華ちゃんとまた花火が見たいよ


 また、目があった。翔さんも意識してるのかなぁ

 華は文具コーナーの補充をしながらチラチラ翔を見ていた。

 なんかワクワクする。この店に買い物に来て、翔さんを見てすぐにわかった。

中学生の時、変なおっさんに絡まれたのを助けてくれた人や。

 翔さんは私のヒーローやで。だからこの店にバイトに来た。

 翔さんはなんも気付いてないみたい、大学生 になってコンタクトに変えたし、少し化粧もしているからわからへんか。もともとそんな事を覚えてないか。

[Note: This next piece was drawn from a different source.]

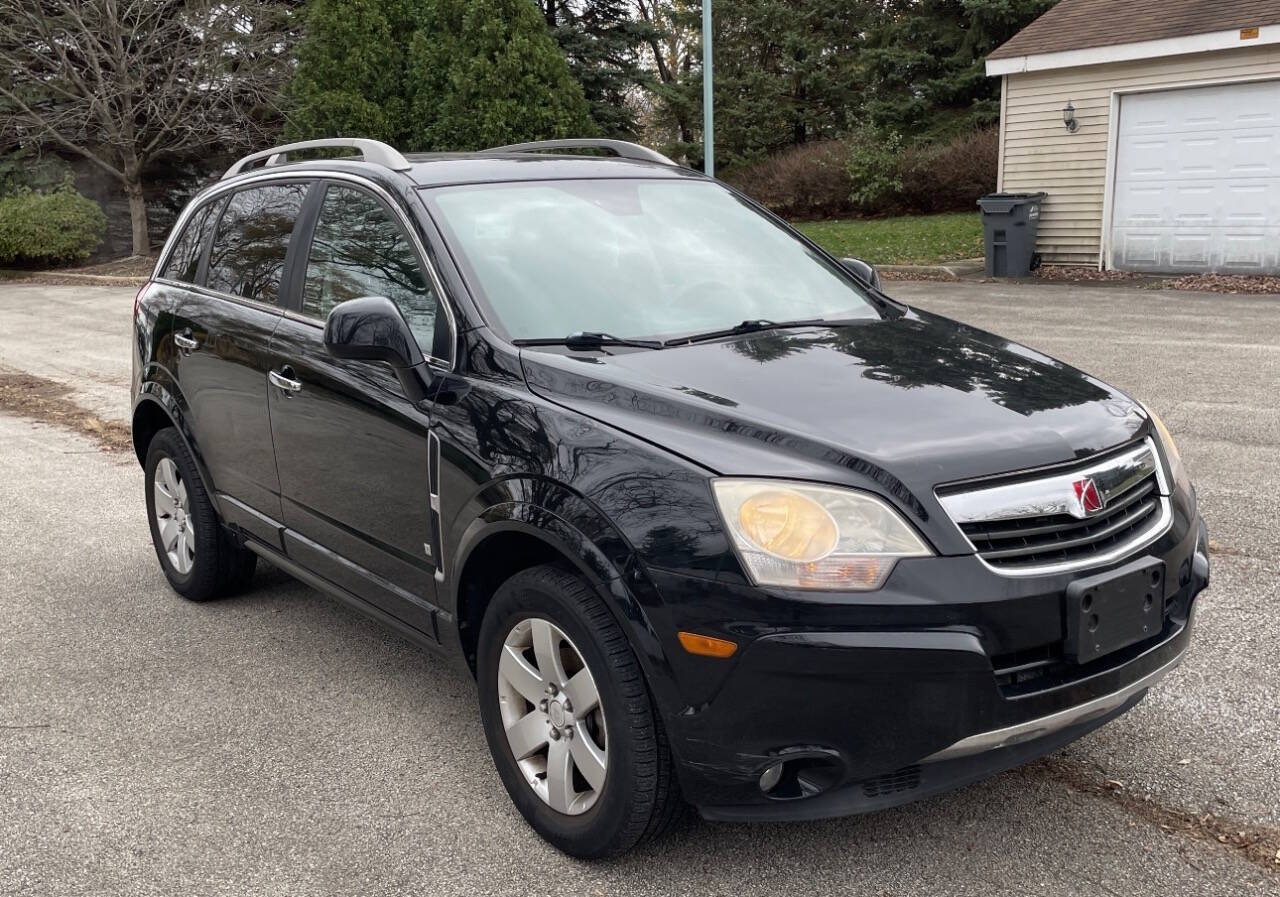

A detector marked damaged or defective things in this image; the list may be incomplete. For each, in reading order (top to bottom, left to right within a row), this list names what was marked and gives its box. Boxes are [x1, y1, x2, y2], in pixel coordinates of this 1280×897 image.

pavement crack [1029, 757, 1280, 875]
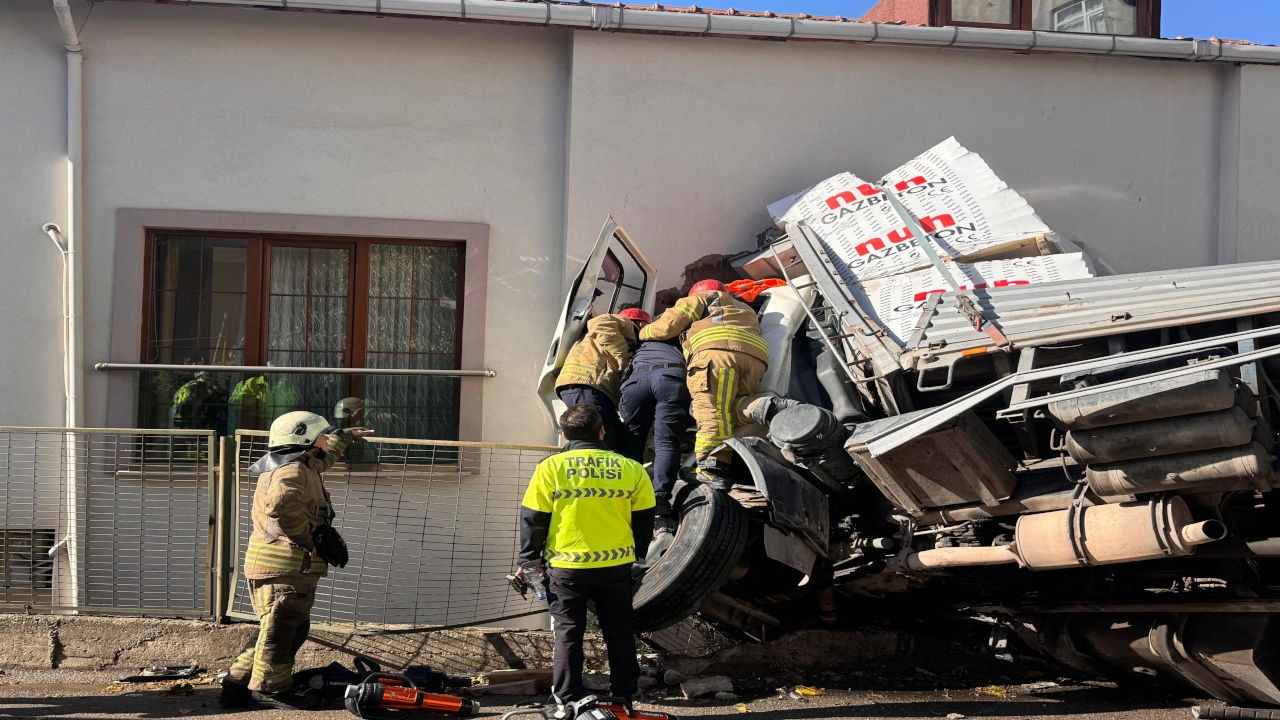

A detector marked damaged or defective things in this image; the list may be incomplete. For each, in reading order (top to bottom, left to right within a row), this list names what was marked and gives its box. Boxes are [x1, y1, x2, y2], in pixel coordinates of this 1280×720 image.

overturned truck [535, 139, 1280, 702]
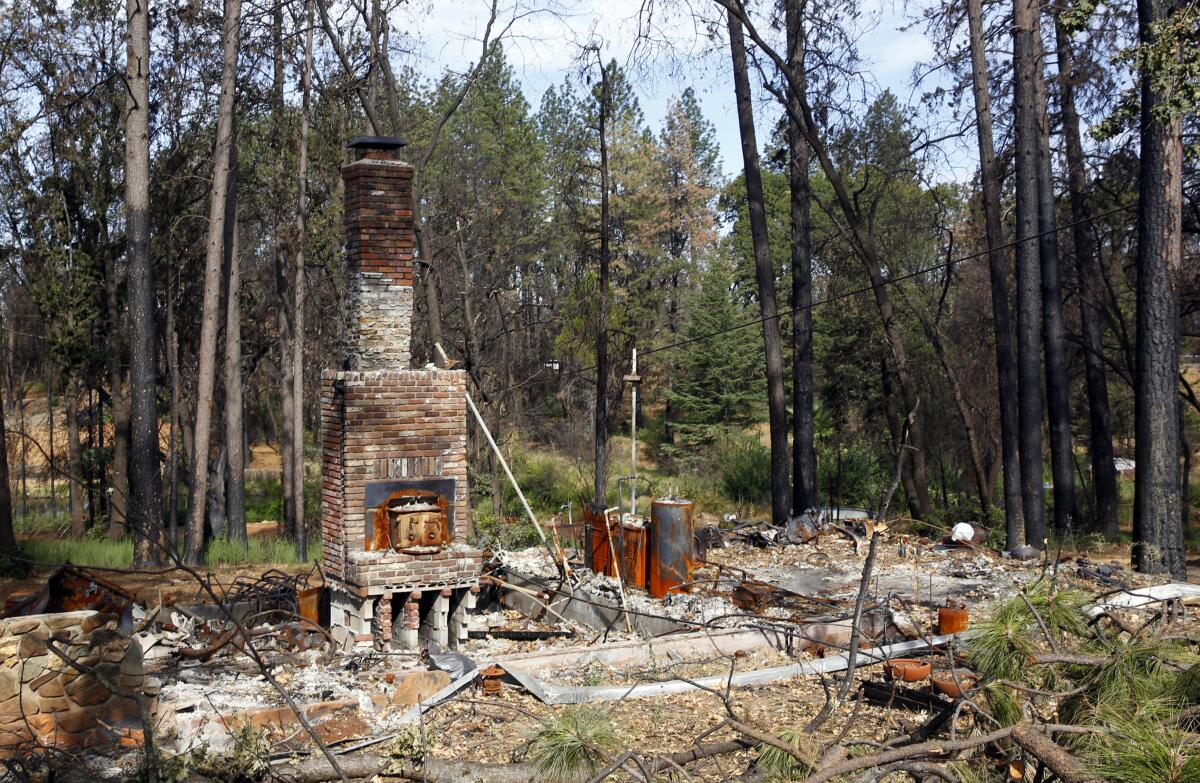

 あの時、「元気出して」ってくれたちっちゃいクマのぬいぐるみ、まだ、持ってるで。

 余命が半年なのにアルバイト始めたんは、翔さんと話がしたかったからや。

 病気になる前に知り合いたかった。でも、会えるだけで嬉しい。

 食事に誘われた。めっちゃ楽しみ。どんな服装でいったらええかな。

 華は吐血した。

 出血部位の手術をした。しばらく入院になった。退院して自宅療養した。

 どうせ治るわけじゃないし、バイトまたやりたい。翔さんに逢いたい。

 逢いたいけど、付き合うのはやめよう。翔さんを傷つけたくない。

 わざと冷たくするのってつらい。なにしてんねやろと思う。

 体がきつい。迷惑かけたらあかんけど、もう少し翔さんと一緒に働きたい。

 店長に、実は叔父さんやけど、ぼちぼちやめて治療に専念したらと言われた。

 でも治らへんね。もう少し翔さんのそばにいたい。

 翔さんは正社員になってグアムに行くことになった。

 もう会えなくなる。日本に帰ってくる頃には、もう私はいない。